◆ Available records ◆
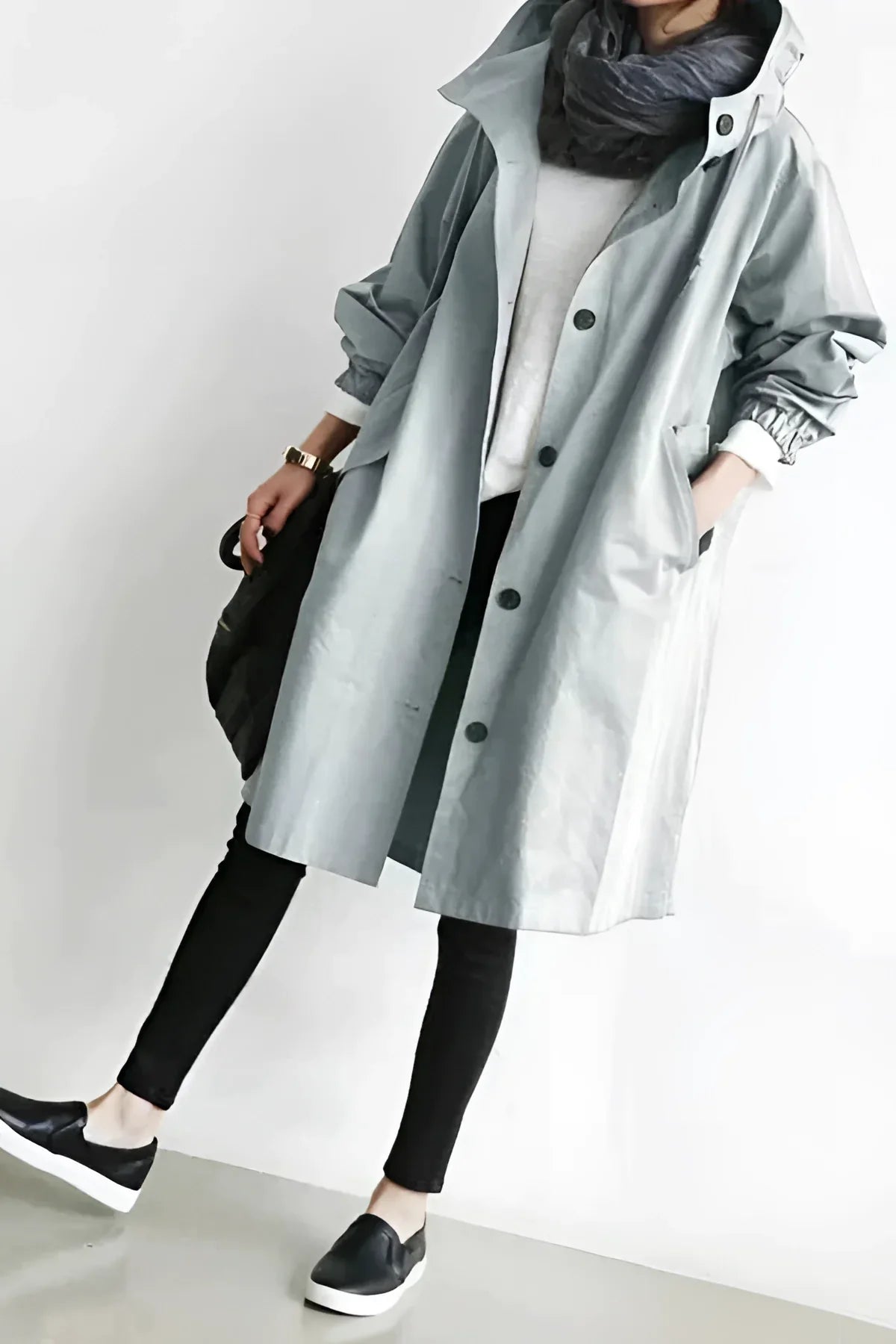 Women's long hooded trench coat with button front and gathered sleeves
---
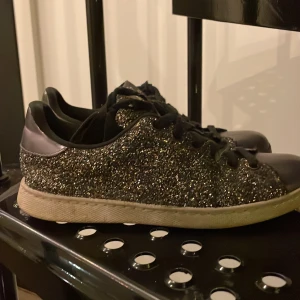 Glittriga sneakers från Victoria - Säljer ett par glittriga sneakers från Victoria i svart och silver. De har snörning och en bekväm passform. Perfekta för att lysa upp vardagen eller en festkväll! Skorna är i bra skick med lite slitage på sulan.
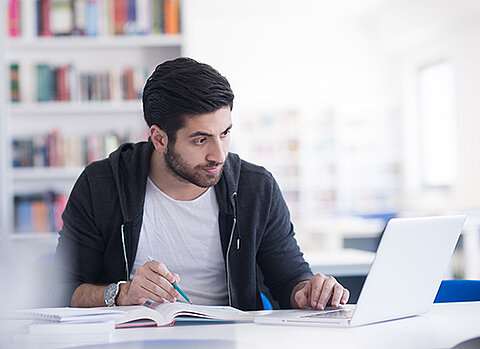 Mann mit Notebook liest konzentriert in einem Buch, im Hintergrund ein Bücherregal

◆ Task to complete ◆
In the data above, take the line with "Glittriga sneakers från Victoria - Säljer", the line with "Mann mit Notebook", and every line between, and set them down exactly without pictures.

◆ Expected answer ◆
 Glittriga sneakers från Victoria - Säljer ett par glittriga sneakers från Victoria i svart och silver. De har snörning och en bekväm passform. Perfekta för att lysa upp vardagen eller en festkväll! Skorna är i bra skick med lite slitage på sulan.
 Mann mit Notebook liest konzentriert in einem Buch, im Hintergrund ein Bücherregal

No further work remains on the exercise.